**Exercise data**
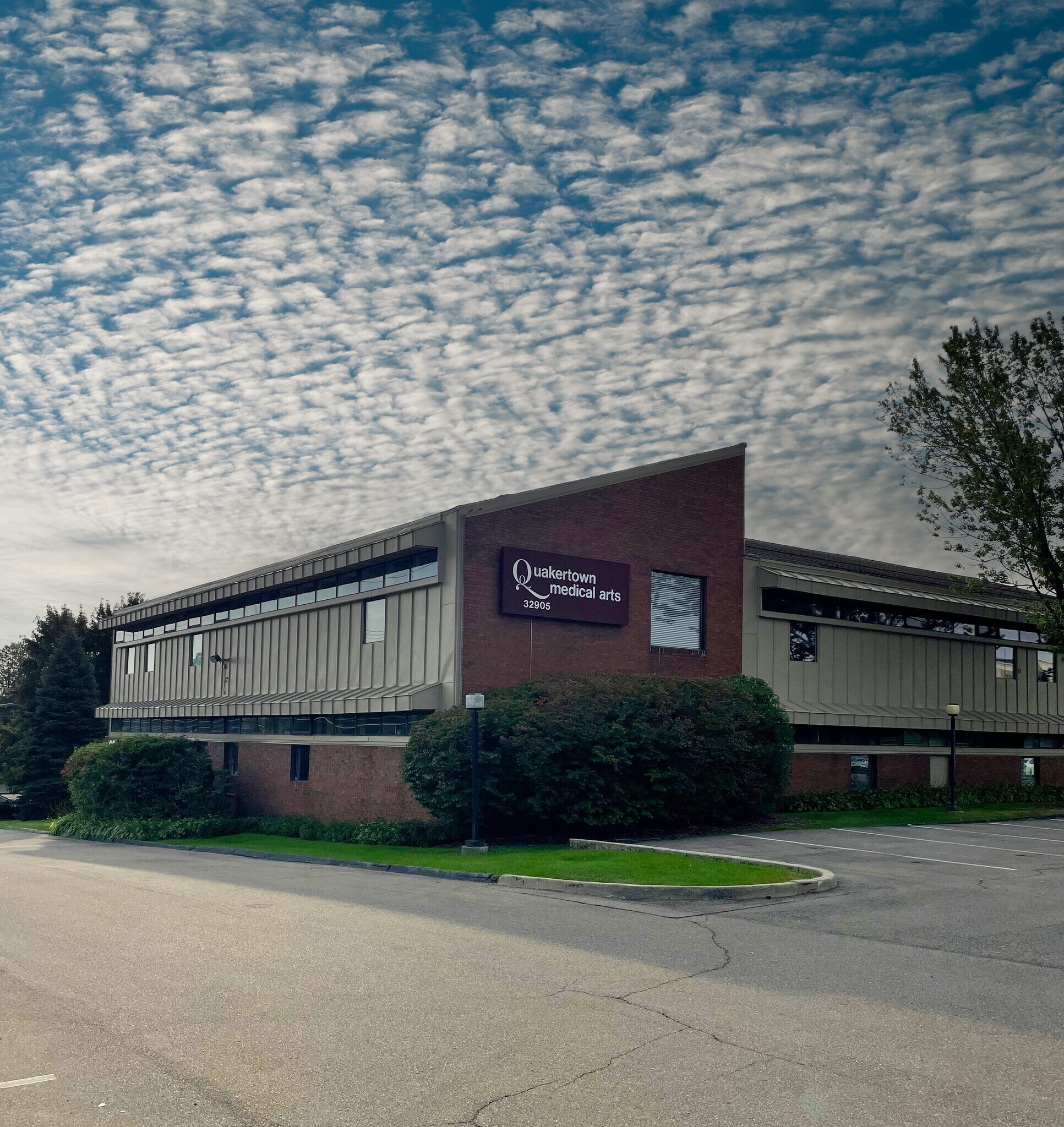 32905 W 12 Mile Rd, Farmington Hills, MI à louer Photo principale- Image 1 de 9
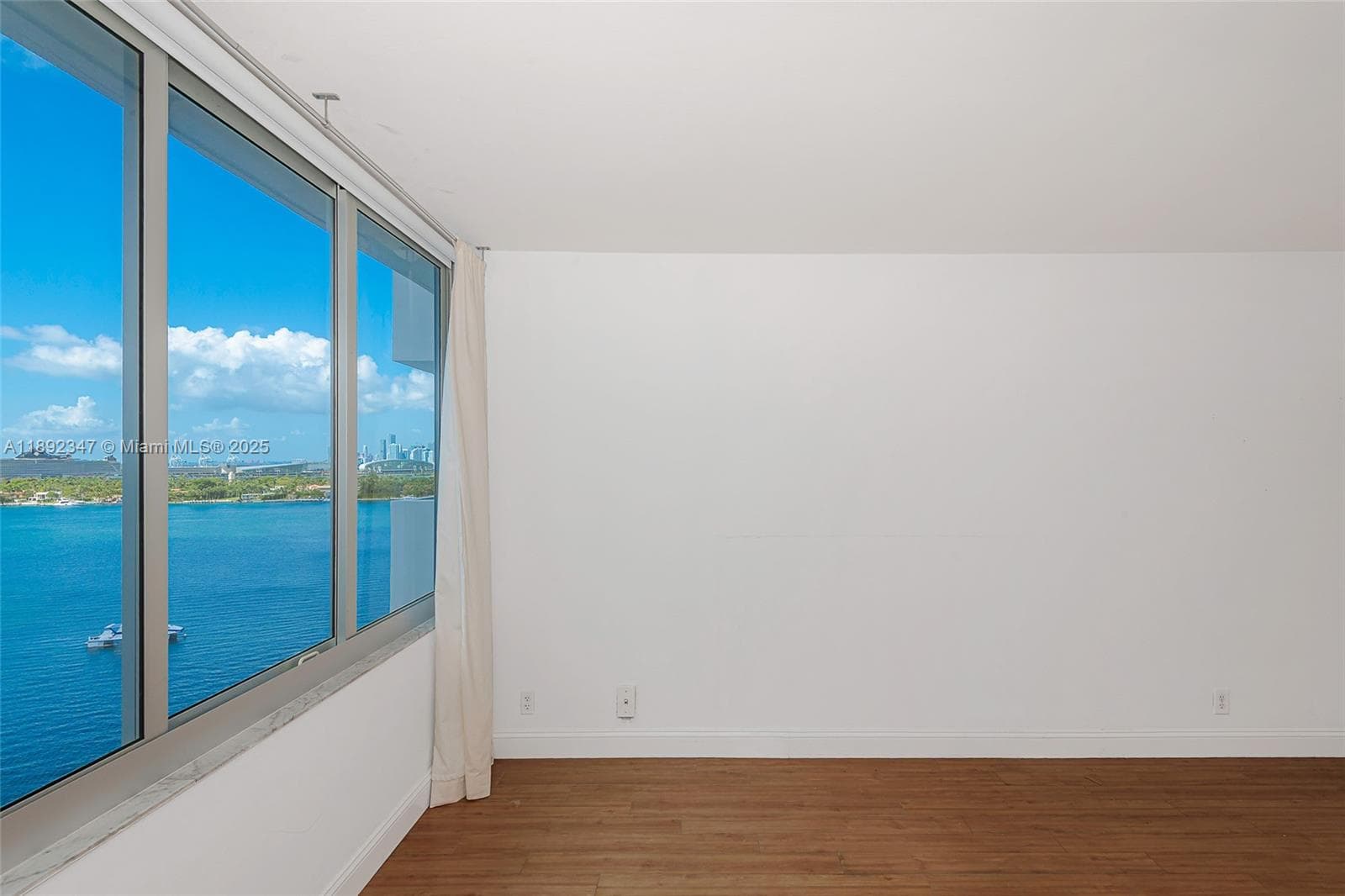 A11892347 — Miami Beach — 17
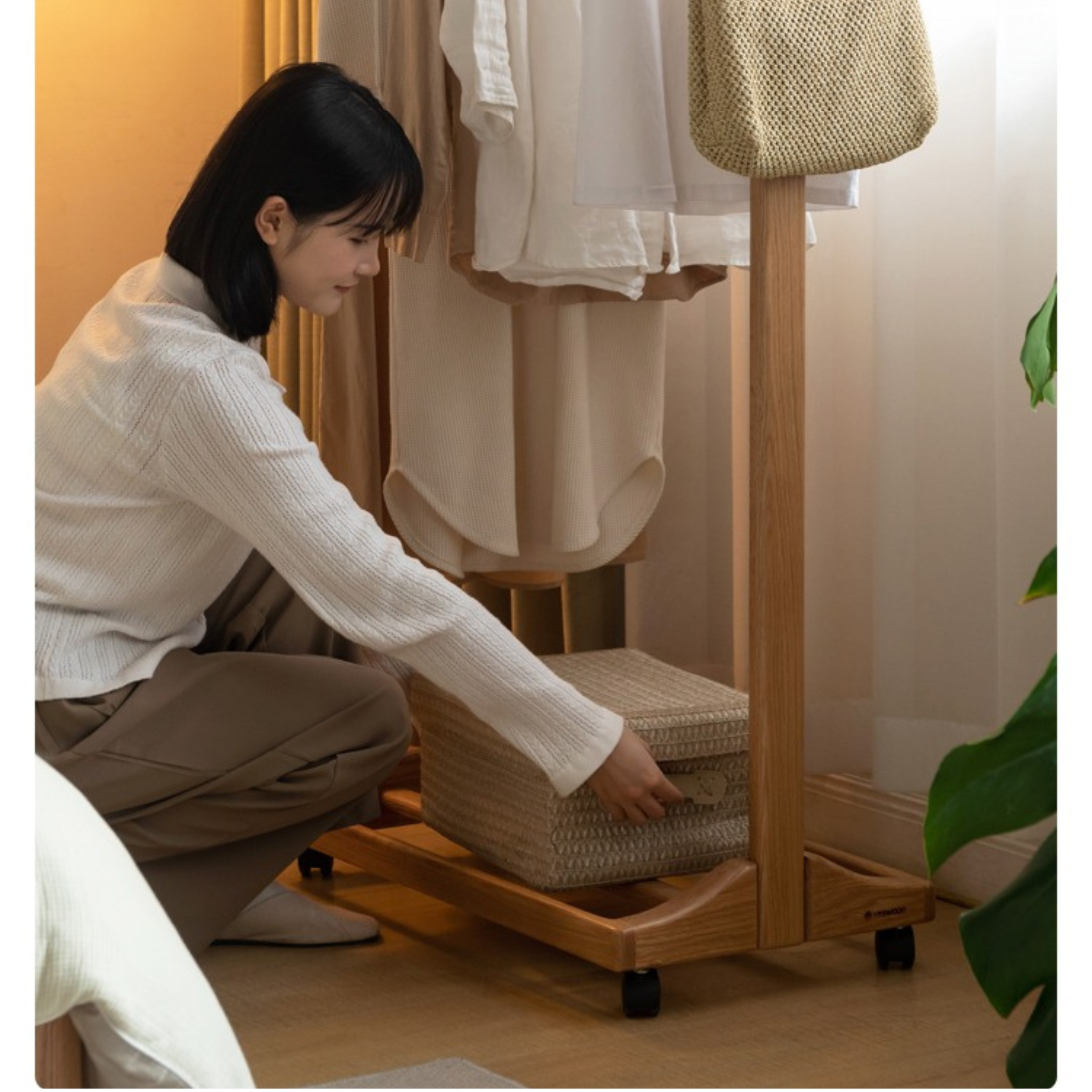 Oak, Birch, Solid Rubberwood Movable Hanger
==
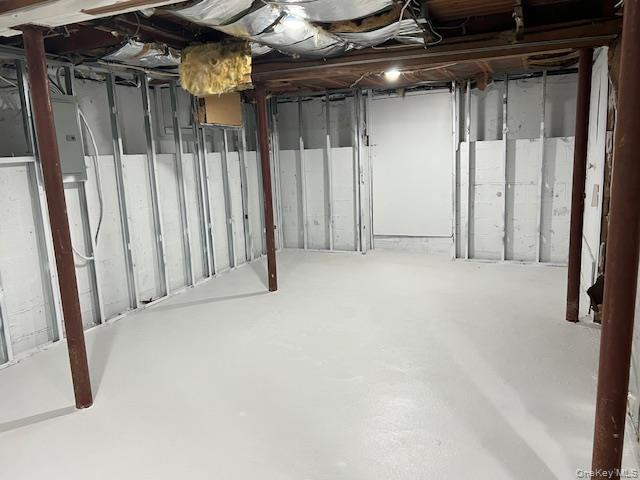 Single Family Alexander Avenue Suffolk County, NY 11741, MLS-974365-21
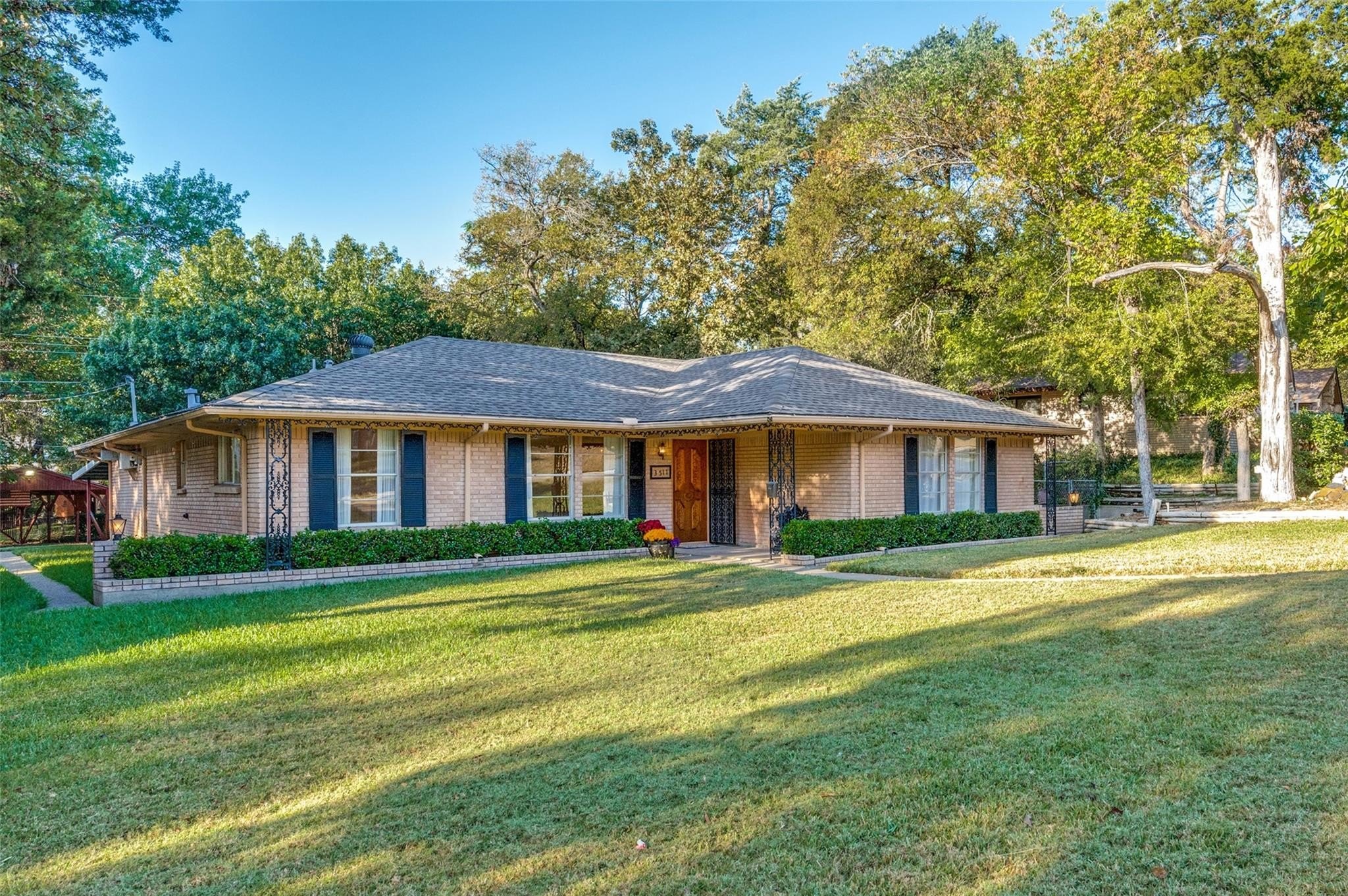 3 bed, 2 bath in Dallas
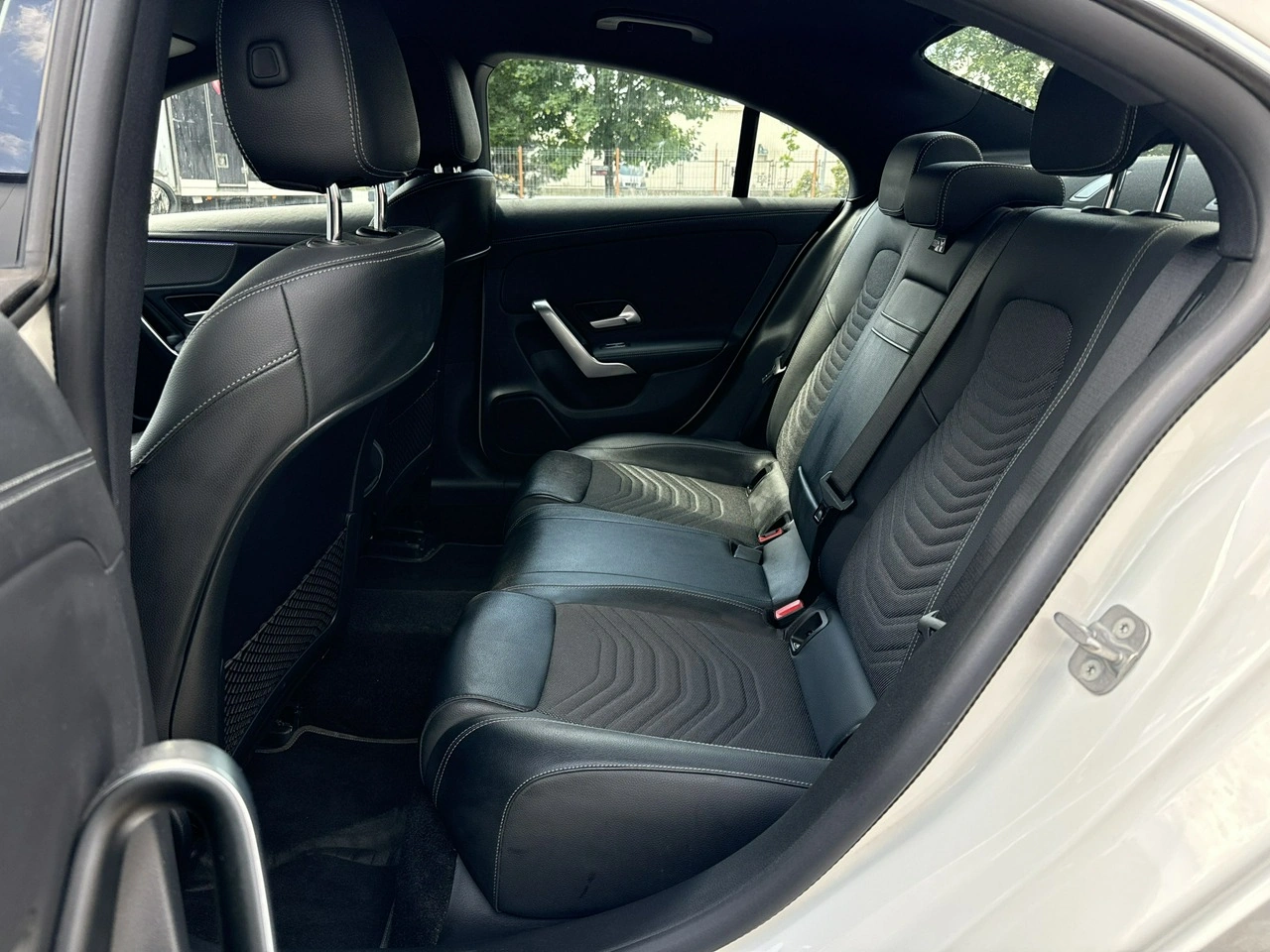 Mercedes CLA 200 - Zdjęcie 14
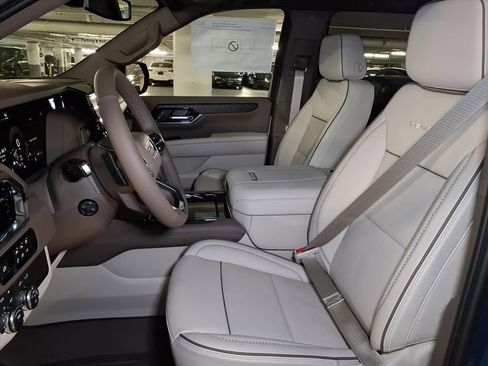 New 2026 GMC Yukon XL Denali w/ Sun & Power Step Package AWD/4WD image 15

**Work to be completed**
The answer should consist only of the lines above from the one with "Single Family Alexander" through the one with "New 2026 GMC", repeated exactly, with no pictures among them.

**Solution to the problem**
 Single Family Alexander Avenue Suffolk County, NY 11741, MLS-974365-21
 3 bed, 2 bath in Dallas
 Mercedes CLA 200 - Zdjęcie 14
 New 2026 GMC Yukon XL Denali w/ Sun & Power Step Package AWD/4WD image 15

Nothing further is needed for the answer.